EDHECinfra Index Methodology
EDHECinfra indices and benchmarks aim to provide the representative, risk-adjusted performance of investments in unlisted infrastructure equity and private debt.
EDHECinfra produces calculated (as opposed to contributed) indices: our data and technology allows re-pricing hundreds of individual assets through time, using actual transaction prices to recalibrate expected returns (and discount rates).
This approach uses market inputs, thus avoiding the smoothing of returns caused by appraisal valuations and providing a genuine fair value assessment of performance.
Unlike other private indices, which only report an average performance, EDHECinfra indices include the effect of diversification and provide advanced risk metrics such as volatility, value-at-risk and risk factor prices. The index calculation method is summarised below in four key steps.
A Modern Approach to the Valuation of Unlisted Infrastructure Assets
Measuring the value and risk inherent in unlisted infrastructure investment is plagued with significant methodological issues. CAPM-approached using listed proxied fails to capture the characteristics of infrastructure companies (see Amenc et al 2017) and it is practically impossible to find direct equivalents or comparable for assets that are quite unique and seldom trade.

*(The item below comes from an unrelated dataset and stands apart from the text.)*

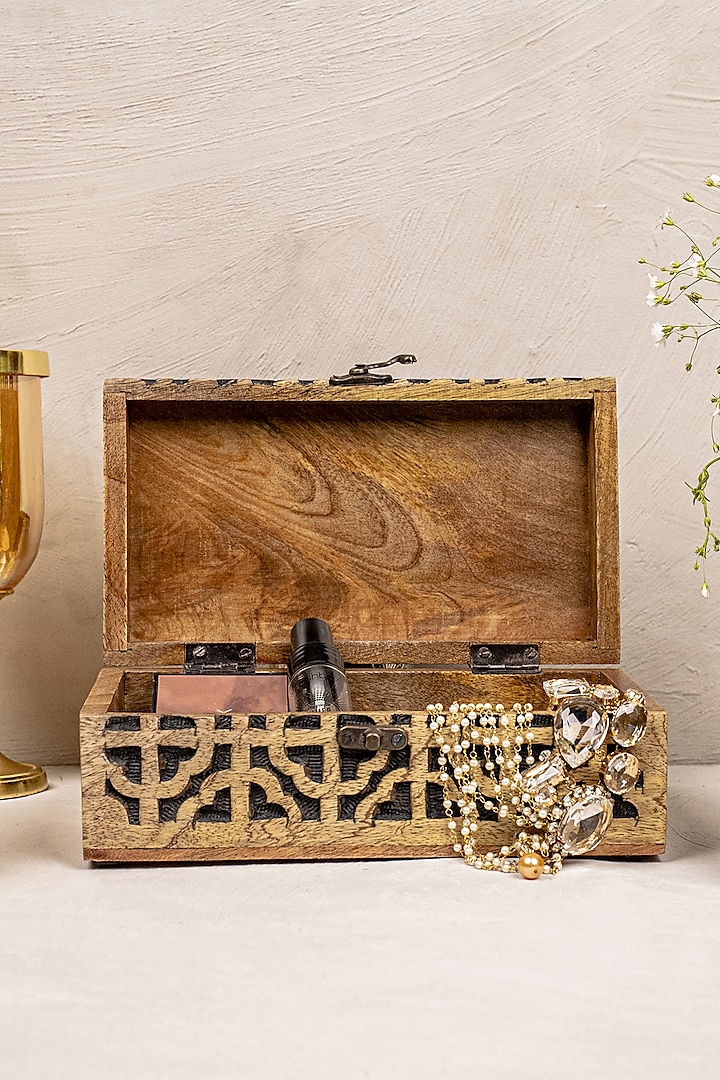 Brown & Black Wooden Multi-Purpose Storage Box by The 7 Dekor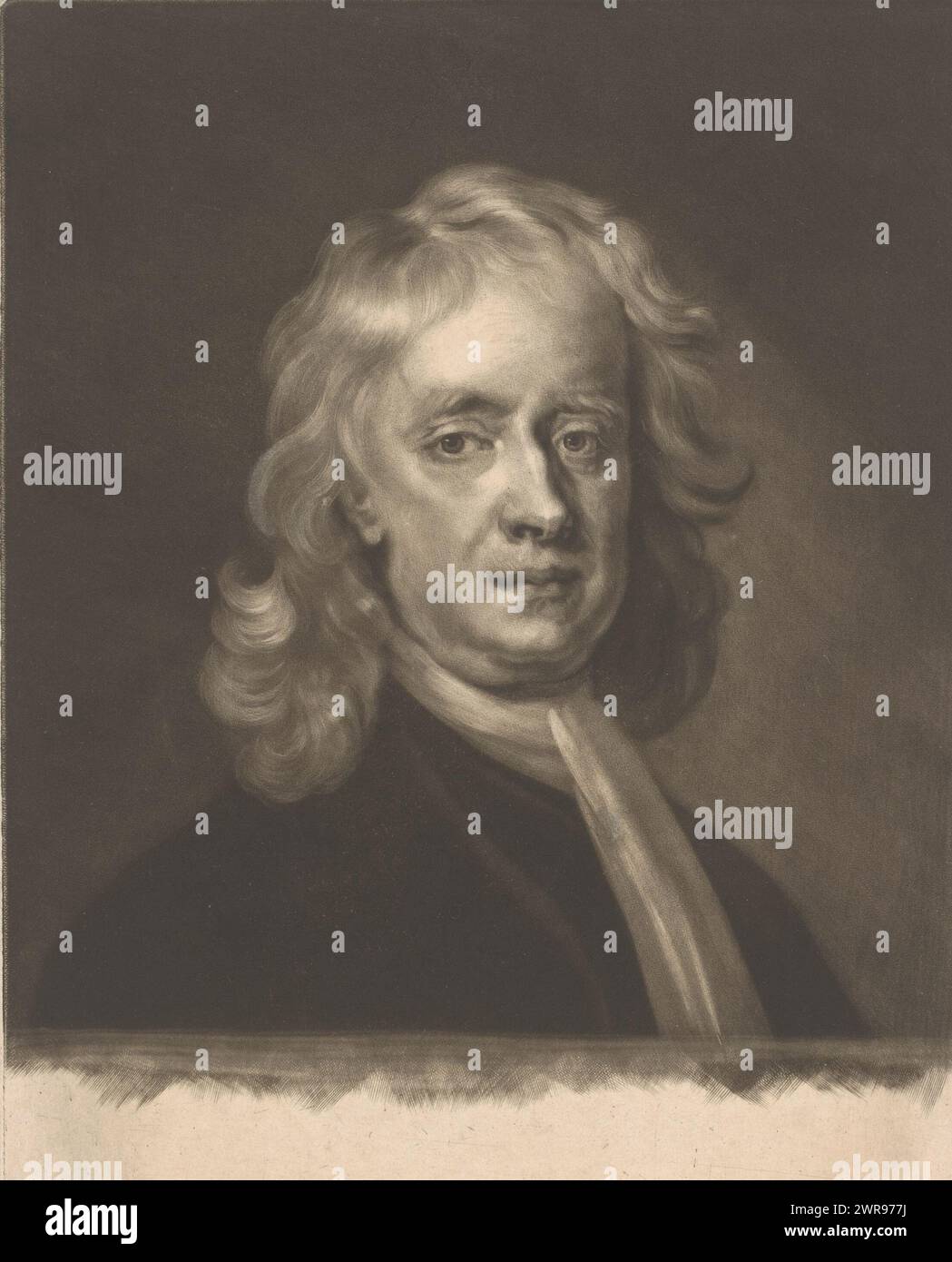 Porträt von Isaac Newton, Druckerei: James McArdell, nach eigenem Entwurf von: James McArdell, nach Malerei von: Enoch Seeman, London, 1760, Papier, Höhe 266 mm, Breite 180 mm, bedruckt Stockfoto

To respond to this challenge, EDHECinfra has developed a Modern Asset Pricing Methodology to derive produces fair value estimates for equity and senior debt instruments in each infrastructure firm in its Sampled Universe.
In each period, implied excess returns are derived from actual transaction prices and forecast of dividend or senior debt payments. These expected returns represent the aggregate market price of risk for a cross-section of equity or debt investments at that point in time. They are then decomposed into multiple risk factor premia (e.g. the size or leverage risk premia) using a cross-sectional regression.
Each risk premia in a given period can then be applied to all relevant investments at that time, whether they are traded or not, using each company’s `factor loadings’ (e.g. its actual size or leverage) to derive a market-implied discount rate for each investment
Given enough data, this form of `hedonic factor pricing’ addresses the biases of observable transaction data and of the uniqueness of each transaction, and focuses on deriving average valuations driven by the price of systematic risk factors that can be extracted from actual transactions i.e. in line with IFRS-13 guidelines.